Now, just ten months later, Meta has announced that it’s “winding down” its support for digital collectibles and focusing its energies elsewhere. “Some product news: across the company, we’re looking closely at what we prioritise to increase our focus,” wrote Meta commerce and fintech lead Stephane Kasriel in a tweet on Monday (March 13). “We’re winding down digital collectibles (NFTs) for now to focus on other ways to support creators, people, and businesses.”
Cue: an outpouring of complaints from people who think right-clicking a JPEG is actual theft, and I-told-you-so’s from those who were sceptical of Meta’s ambitions from the outset.
Admittedly, it isn’t easy to tell what could have come from Meta’s brief flirtation with NFTs, if integration had continued beyond just a few months and allowed users to do more than simply display their collectibles. This is a source of frustration among many enthusiasts in the comments of Kasriel’s post, who have criticised the “short-sighted move” and bemoaned the company’s lack of faith in NFT creators and their communities.

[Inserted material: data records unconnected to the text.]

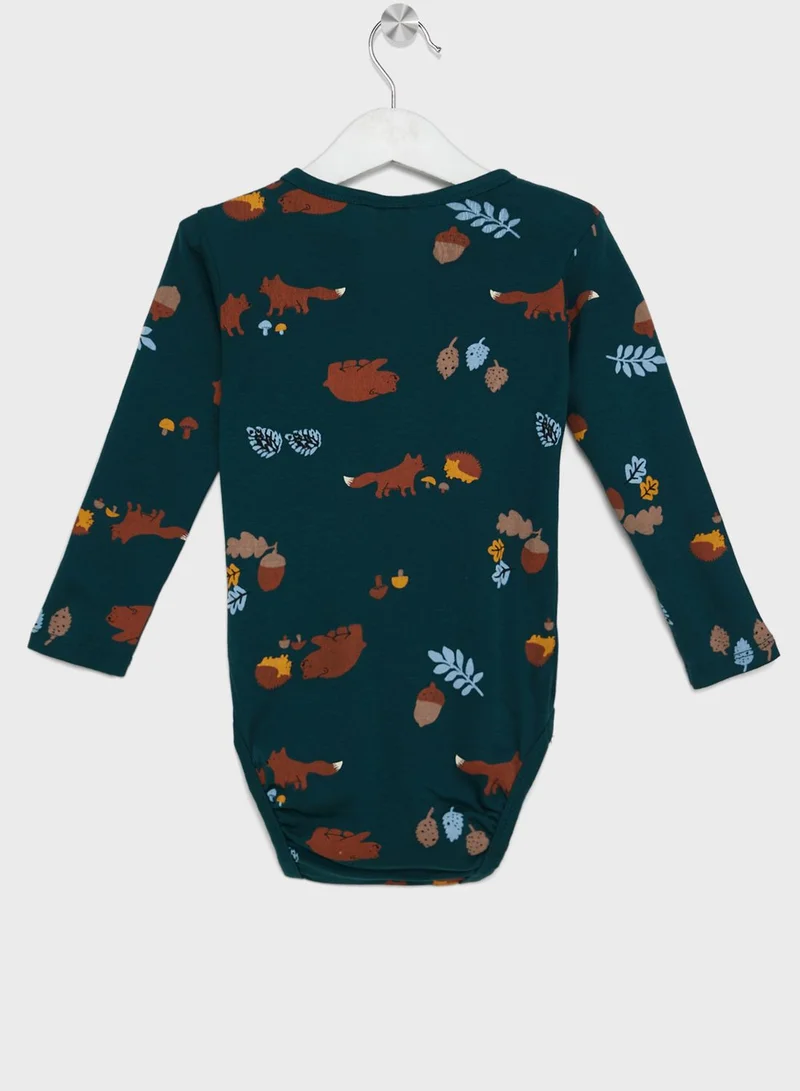 H&M Infant All Over Print Bodysuits
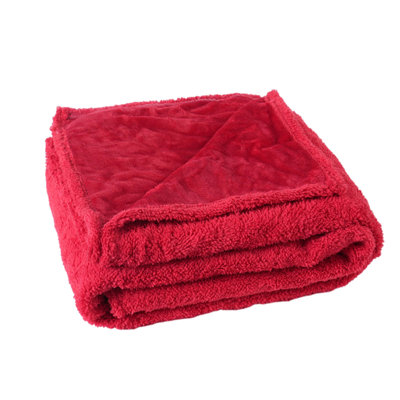 Kbndieu 50CMX70CM Flannel Blanket Thermal Insulation Blanket Flannel Blanket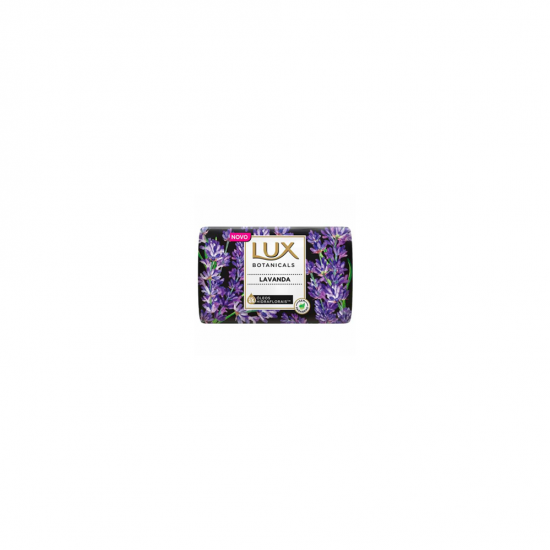 Sabonete Lux Botanicals Lavanda 85g Sabonete Lux Botanicals Lavanda 85g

Others suggest that Meta’s intentions were more insidious. “We get it, you realised that using public crypto networks means you can’t exploit creators, people and businesses in the same way you have been,” reads a comment from one self-professed degen. Noah Addis, a photographer who sells his work as NFTs, adds: “Soooo…..you weren’t able to monetize NFTs for your own gain and weren’t happy with putting the power and profits back in the hands of creators and collectors so you’re focusing your efforts elsewhere.”
So why is Meta cutting back on its NFT integration? Is it really because the company thinks they’re a threat to its business model? Is it because Zuck looked too deep into the rotten heart of a Bored Ape? According to Kasriel, it simply represents a shift in focus as Meta continues to chase a monopoly on the metaverse.
Some product news: across the company, we're looking closely at what we prioritize to increase our focus. We’re winding down digital collectibles (NFTs) for now to focus on other ways to support creators, people, and businesses. 🧵[1/5]— Stephane Kasriel (@skasriel) March 13, 2023
“We learned a tonne that we’ll be able to apply to products we’re continuing to build to support creators, people, and businesses on our apps, both today and in the metaverse,” says Kasriel, on the demise of Meta’s NFT experiment. “Let me be clear: creating opportunities for creators and businesses to connect with their fans and monetise remains a priority.” Instead of collectibles, this will apparently involve working on products such as Meta Pay, and new ways to earn revenue from Reels.
It’s unsurprising that Meta is having to make some sacrifices to chase its lofty goals. Reality Labs, its AR and VR division, lost a reported $13.7 billion last year, and Meta itself laid off about 13 per cent of its workforce (meaning 11,000 people) last November. Today, Mark Zuckerberg announced that the company is letting go of another 10,000 employees, and cancelling around 5,000 open job positions. Later this year, Meta’s so-called “Year of Efficiency” will see restructuring across the entire company.
It’s also not too surprising that collectible art was one of the first things to go. While hype for NFTs swept the internet in 2021, leaving a wave of random millionaires and over-eager auctioneers in its wake, it quickly dropped off, with a significant market crash in 2022. That isn’t to say that NFTs are completely dead and buried – modern art museums like the Pompidou and LACMA have even started collecting notable examples – but they’re definitely not at the top of Meta’s technocratic to-do list, either.